Natürlich kann dieser Rückgang aus Unternehmenssicht durch Rationalisierung, eine Verlängerung der Lebensarbeitszeiten oder durch
mehr Frauenerwerbstätigkeit aufgefangen werden. Vor allem aber drängt sich der Arbeitskraftimport über das Internet auf. Diese virtuelle
Migration ist freilich folgenschwer. Sie entzieht Deutschland Kaufkraft, sie durchlöchert nationale Tarif-, Steuer-, Arbeitsrecht - und
Arbeitsschutzbestimmungen wie einen Schweizer Käse, und sie entführt Arbeitsplätze dorthin, wo die Arbeitskräfte sind, die wir nicht ins
Land lassen. Die Konsequenzen auch für unser System der sozialen Sicherung sind offenkundig.
Der Rückgang der Zahl der einheimischen Erwerbspersonenzahl ist unaufhaltsam. Um die entsprechende gravierende
Erwerbspersonenlücke ohne Zuwanderung aufzufangen, müsste rein rechnerisch die Erwerbsbeteiligung von heute 73 Prozent auf rund 84
Prozent im Jahr 2020 steigen. Das ist vollkommen unrealistisch.
Die ökonomischen Vorteile von Zuwanderung und Ausländerbeschäftigung liegen so offen zu Tage, dass wir weitaus stärker als bisher auf
diese volkswirtschaftlichen Effekte hinweisen sollten. Zuwanderung hat in Deutschland und anderswo, das zeigen auch Studien für
benachbarte europäische Länder, die Arbeitsmarkterfolge der einheimischen Bevölkerung kaum behindert. Im Gegenteil: Ausländer
leisteten und leisten einen wichtigen Beitrag zu unserer Prosperität. Und zweifellos können gering qualifizierte Deutsche neue
Beschäftigung finden, wenn Bedarf an qualifizierten Arbeitskräften aus dem Ausland gedeckt wird. Warum sollte eine an ökonomischen
Interessen orientierte Politik dann schädlich sein?

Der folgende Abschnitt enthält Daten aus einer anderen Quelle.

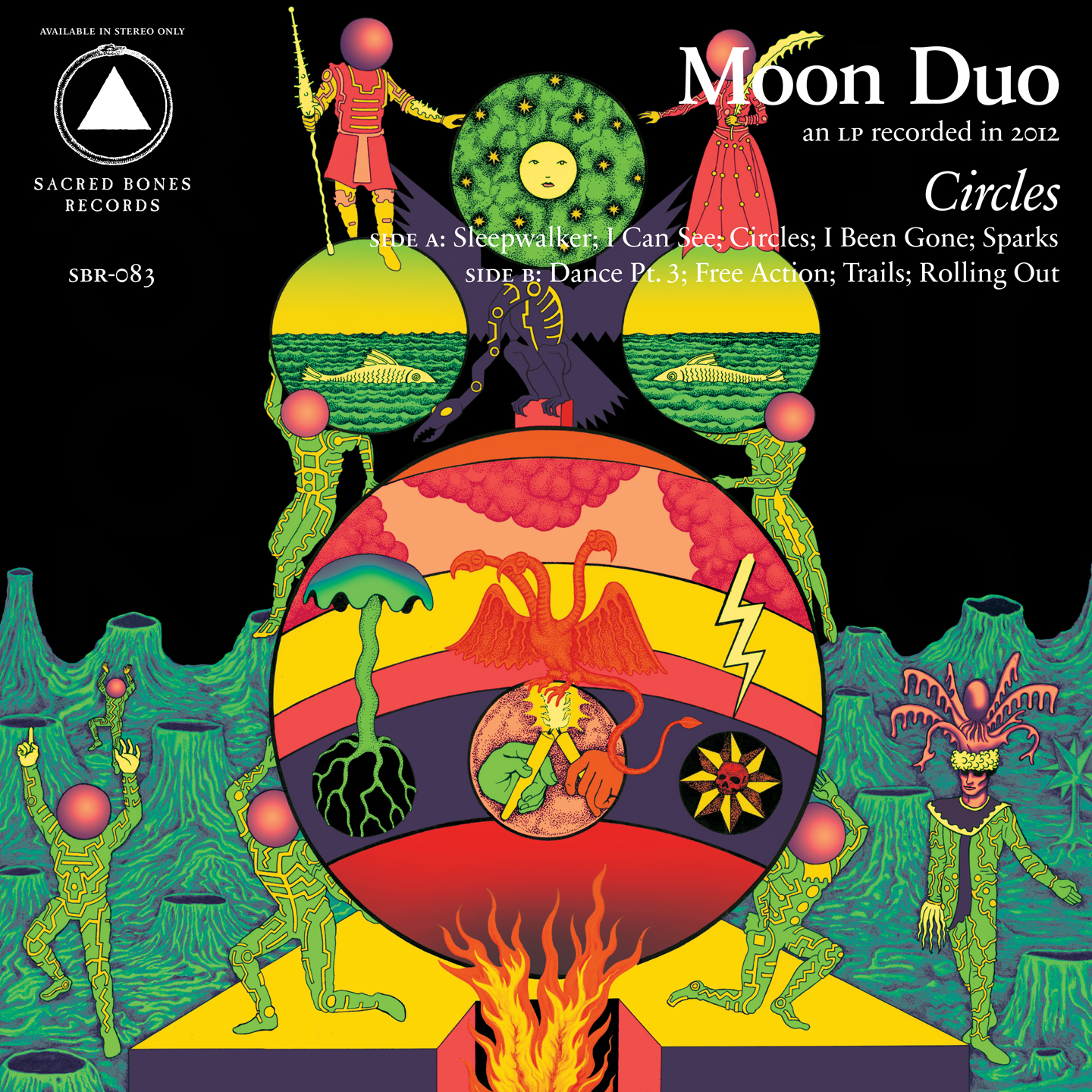 Circles Moon Duo recensione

Nützlich ist auch nicht, dass immer wieder in Verbindung mit der Osterweiterung der
Europäischen Union von Massenzuwanderung gesprochen wird, obwohl zahlreiche wissenschaftliche Untersuchungen das genaue
Gegenteil prognostizieren.
Deutschland fehlt eine in sich geschlossene, überzeugende und obendrein überzeugend vermittelte Zuwanderungs- und Integrationspolitik.
Jedem sollte klar sein: Ein schlüssiges Konzept zur Gestaltung von Immigration und Integration ist ein nicht zu unterschätzender
Aktivposten bei der Bekämpfung von Ausländerfeindlichkeit.